Für The Verve werden die anglizistischen Varianten des Heraus- und Zurückkommens seit einem Jahr neu ausgelegt. Von „Newcomern“ wird gerne geredet. Dabei hatte der britische Fünfer schon beim Erscheinen des hymnischen 6-Minuten-Epos „Bitter Sweet Symphony“ im vergangenen Juli sechs Jahre und zwei Alben auf dem Bacckatalog-Buckel. Von einem sogenannten „Comeback“ sprechen Pop-Gemüter andernorts. Denn dabei wird vorausgesetzt, daß ein Künstler schon zuvor von irgend jemandem registriert wurde. Also auch hier: Fehlanzeige.

Ein – sagen wir – „Coming out“ ohne seinesgleichen konnten Sänger und Ex-Junkie Richard Ashcroft sowie sein Antipode, Gitarrist Nick McCabe, im vergangenen Jahr zelebrieren.
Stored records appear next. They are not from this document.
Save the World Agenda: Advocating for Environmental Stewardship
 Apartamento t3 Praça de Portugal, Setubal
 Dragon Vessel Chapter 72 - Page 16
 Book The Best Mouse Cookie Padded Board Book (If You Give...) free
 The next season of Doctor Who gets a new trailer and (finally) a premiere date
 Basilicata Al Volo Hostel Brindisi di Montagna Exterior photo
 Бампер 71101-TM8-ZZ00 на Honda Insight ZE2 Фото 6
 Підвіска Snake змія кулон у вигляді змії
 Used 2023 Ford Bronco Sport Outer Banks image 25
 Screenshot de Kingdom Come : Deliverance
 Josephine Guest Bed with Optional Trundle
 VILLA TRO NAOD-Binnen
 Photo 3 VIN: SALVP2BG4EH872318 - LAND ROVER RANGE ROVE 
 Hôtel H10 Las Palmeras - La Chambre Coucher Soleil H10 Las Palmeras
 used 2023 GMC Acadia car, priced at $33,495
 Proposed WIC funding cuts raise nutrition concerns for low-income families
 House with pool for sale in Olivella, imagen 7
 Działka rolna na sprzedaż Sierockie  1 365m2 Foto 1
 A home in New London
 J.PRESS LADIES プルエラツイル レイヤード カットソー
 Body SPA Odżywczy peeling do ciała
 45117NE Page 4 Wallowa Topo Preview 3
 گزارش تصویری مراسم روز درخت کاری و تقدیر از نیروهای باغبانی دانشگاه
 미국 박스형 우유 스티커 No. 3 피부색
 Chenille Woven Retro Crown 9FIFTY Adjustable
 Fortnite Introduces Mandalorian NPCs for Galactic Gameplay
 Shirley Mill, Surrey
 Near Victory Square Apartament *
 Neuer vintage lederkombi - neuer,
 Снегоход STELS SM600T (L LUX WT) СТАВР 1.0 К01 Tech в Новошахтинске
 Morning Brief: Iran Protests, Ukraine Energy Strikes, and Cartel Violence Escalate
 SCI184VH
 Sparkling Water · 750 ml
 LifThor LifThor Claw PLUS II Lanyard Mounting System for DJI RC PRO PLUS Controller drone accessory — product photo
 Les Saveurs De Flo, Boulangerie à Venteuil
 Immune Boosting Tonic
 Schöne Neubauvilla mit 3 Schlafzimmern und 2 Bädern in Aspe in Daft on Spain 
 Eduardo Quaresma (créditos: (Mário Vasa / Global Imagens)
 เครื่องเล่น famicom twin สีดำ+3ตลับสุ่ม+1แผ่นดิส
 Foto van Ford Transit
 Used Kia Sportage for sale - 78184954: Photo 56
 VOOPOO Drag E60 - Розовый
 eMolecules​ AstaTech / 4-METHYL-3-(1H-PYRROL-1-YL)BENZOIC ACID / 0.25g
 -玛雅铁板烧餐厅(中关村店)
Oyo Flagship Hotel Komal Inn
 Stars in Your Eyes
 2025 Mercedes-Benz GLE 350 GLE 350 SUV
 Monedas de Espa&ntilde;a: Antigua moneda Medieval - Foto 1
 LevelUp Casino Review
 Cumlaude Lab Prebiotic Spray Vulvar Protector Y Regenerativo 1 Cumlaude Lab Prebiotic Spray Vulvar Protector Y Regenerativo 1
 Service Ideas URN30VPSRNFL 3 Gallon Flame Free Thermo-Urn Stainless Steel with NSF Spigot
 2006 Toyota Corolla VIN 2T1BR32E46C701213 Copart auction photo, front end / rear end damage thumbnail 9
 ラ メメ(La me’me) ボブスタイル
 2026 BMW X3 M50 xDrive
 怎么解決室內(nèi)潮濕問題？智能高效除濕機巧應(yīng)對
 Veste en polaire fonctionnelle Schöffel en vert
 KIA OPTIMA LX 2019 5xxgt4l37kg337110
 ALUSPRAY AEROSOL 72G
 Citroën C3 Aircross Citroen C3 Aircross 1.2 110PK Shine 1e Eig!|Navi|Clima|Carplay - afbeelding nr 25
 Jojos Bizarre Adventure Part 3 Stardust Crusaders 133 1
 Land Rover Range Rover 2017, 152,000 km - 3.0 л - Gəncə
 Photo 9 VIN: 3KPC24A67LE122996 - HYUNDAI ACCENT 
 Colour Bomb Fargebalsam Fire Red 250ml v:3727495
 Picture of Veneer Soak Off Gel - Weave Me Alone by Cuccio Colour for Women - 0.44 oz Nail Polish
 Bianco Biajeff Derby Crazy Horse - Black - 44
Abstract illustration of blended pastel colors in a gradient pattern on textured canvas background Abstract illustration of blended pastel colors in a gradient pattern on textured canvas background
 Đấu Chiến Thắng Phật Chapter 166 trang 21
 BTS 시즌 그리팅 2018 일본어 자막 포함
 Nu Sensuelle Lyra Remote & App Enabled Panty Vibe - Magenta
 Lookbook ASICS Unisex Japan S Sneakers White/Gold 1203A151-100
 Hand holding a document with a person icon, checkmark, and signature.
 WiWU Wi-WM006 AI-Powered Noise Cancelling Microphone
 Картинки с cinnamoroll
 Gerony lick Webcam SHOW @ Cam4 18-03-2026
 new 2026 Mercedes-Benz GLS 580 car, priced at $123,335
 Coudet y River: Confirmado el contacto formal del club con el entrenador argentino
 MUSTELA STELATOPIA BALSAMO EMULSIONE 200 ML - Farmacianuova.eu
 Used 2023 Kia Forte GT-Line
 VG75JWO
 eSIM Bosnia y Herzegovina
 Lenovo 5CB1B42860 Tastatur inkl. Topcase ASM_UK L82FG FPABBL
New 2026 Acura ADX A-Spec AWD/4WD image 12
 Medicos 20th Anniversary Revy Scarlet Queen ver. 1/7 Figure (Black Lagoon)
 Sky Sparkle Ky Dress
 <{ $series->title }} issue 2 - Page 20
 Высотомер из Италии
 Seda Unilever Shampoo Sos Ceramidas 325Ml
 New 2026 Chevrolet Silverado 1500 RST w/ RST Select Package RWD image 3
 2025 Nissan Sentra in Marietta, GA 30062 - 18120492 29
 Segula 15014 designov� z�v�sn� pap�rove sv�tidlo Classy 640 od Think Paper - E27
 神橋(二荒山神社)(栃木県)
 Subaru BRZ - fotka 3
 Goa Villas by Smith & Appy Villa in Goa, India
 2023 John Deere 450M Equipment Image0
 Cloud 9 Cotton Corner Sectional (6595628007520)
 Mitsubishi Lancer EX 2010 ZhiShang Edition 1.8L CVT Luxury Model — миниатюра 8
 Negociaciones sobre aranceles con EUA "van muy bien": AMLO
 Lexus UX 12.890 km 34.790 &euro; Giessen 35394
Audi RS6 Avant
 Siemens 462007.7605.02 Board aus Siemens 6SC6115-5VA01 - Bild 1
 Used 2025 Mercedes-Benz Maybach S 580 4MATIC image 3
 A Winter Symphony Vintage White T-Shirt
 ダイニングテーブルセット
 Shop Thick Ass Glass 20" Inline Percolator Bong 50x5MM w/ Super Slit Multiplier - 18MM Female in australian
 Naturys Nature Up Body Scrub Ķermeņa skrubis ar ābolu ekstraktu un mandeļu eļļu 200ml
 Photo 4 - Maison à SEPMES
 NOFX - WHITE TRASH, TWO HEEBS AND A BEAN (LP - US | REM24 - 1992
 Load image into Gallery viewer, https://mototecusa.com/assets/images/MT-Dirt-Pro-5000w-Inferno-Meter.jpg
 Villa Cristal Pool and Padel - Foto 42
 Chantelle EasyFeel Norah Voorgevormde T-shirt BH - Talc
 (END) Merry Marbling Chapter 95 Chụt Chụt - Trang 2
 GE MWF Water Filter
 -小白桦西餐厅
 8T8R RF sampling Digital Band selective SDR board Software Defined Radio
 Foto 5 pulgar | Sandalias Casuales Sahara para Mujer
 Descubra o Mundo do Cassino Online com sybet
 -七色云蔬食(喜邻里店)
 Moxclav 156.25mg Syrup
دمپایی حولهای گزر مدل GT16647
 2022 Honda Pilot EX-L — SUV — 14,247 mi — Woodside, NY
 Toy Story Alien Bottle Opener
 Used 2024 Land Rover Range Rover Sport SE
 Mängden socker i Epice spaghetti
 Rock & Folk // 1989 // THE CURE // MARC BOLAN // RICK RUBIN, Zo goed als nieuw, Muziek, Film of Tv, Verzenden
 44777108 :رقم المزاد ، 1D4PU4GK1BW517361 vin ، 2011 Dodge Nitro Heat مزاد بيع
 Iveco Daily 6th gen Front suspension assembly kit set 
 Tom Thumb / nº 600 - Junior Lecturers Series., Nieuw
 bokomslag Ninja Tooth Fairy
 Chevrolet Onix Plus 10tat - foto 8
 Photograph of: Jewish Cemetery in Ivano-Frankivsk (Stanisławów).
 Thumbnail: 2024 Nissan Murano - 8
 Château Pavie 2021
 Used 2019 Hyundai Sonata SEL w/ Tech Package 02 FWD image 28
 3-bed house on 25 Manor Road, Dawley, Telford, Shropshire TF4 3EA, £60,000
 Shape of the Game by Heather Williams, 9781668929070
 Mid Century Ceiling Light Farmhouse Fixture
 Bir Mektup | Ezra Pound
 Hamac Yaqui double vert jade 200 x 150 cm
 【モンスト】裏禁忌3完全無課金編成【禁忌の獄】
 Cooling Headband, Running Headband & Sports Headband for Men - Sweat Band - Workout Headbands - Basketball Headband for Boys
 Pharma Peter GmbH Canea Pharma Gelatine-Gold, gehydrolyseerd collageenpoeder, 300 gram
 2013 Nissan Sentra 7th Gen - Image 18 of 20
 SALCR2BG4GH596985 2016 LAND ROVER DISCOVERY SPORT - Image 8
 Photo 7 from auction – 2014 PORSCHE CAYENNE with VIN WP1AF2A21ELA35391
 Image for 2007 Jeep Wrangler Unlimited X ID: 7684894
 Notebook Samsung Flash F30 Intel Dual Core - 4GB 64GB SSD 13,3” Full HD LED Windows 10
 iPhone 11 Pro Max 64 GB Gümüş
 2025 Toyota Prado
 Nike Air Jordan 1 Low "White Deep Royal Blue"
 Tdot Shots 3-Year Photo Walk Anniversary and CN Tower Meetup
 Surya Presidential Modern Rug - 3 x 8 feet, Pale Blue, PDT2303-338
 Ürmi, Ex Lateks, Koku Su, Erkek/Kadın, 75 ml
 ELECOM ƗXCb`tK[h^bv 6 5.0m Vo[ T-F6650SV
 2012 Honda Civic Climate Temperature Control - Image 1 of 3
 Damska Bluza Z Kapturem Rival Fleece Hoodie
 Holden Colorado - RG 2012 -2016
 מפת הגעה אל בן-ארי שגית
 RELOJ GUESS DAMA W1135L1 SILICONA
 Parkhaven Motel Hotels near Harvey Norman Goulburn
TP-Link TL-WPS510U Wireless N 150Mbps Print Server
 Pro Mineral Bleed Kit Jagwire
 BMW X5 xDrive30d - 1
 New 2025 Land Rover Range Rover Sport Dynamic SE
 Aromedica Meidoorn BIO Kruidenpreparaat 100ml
Ihre „Bitter Sweet Symphony“ wurde der elegische Sommer-Indie-Gassenhauer, die Rolling Stones hatten mit dem von ihnen entwendeten „The Last Time“-Sample endlich wieder einen Grund zum Klagen und selbst der anmaßende Titel des dritten Albums, Urban Hymns, schien schließlich wenigstens zur Hälfte gerechtfertigt.

Denn wenn schon überhaupt nicht großstädtisch, so waren auch die schwülstigen Folge-Singles „The Drugs Don't Work“ und „Lucky Man“ zumindest die heimlichen Gitarren-Pop-Hymnen, die von Oasis stets erhofft wurden: balsamierende Akustik-Gitarren, epische Streicher, zaghafte Psychedelic- und Noise-Anleihen, eine dunkle Kehlkopfstimme und nicht zuletzt eine – passend zu „The Drugs Don't Work“ – ausschlachtbare Drogenvergangenheit. Da nützte es nichts, daß Ashcroft sich beeilte zu erklären, daß 14jährige seine plakative Drogenabsage ohne die nötige Lebenserfahrung sowieso nie verstehen werden. Die Urban Hymns hatten bereits in ebenso vielen Plattenschränken dieser Welt ein Zuhause gefunden wie beispielsweise U2s The Unforgettable Fire: über sechs Millionen Mal.

Wie so oft entstand die Titelblatt-Hysterie erst aus den Möglichkeiten des Chaos. Nicht einmal eine Tour im Vorprogramm von Oasis und die Tatsache, daß Noel Gallagher seinen Song „Cast No Shadow“ im Booklet „dem Genie von Richard Ashcroft“ widmete, brachten Verve vorerst die verdiente Beachtung. Bei den Aufnahmen zu A Northern Soul zerstritten sich McCabe und Ashcroft schließlich so schroff, daß letzterer die Band auflöste und lapidar behauptete, daß es „nicht mehr das gleiche Gefühl wie früher“ sei. Bald darauf revidierte Ashcroft, daß er „in die Welt gesetzt“ wurde, „um ein Teil von The Verve zu sein“. Seit Verve nun, wie Ashcroft bereits nach seiner geschwänzten Schul-Abschlußprüfung prophezeit hatte, ihr „Coming out“ hatten, übertrumpfen sich Ashcroft und Gallagher in Interviews gegenseitig mit größenwahnsinnigem Gefasel und klopfen einander nicht zu sparsam auf die Schulter.

„Let The Weights Come Off That Confuse You“, singen Verve selbst in „Come On“ zur Debatte des Irgendwoher-Kommens und meinen damit wohl auch sich selbst.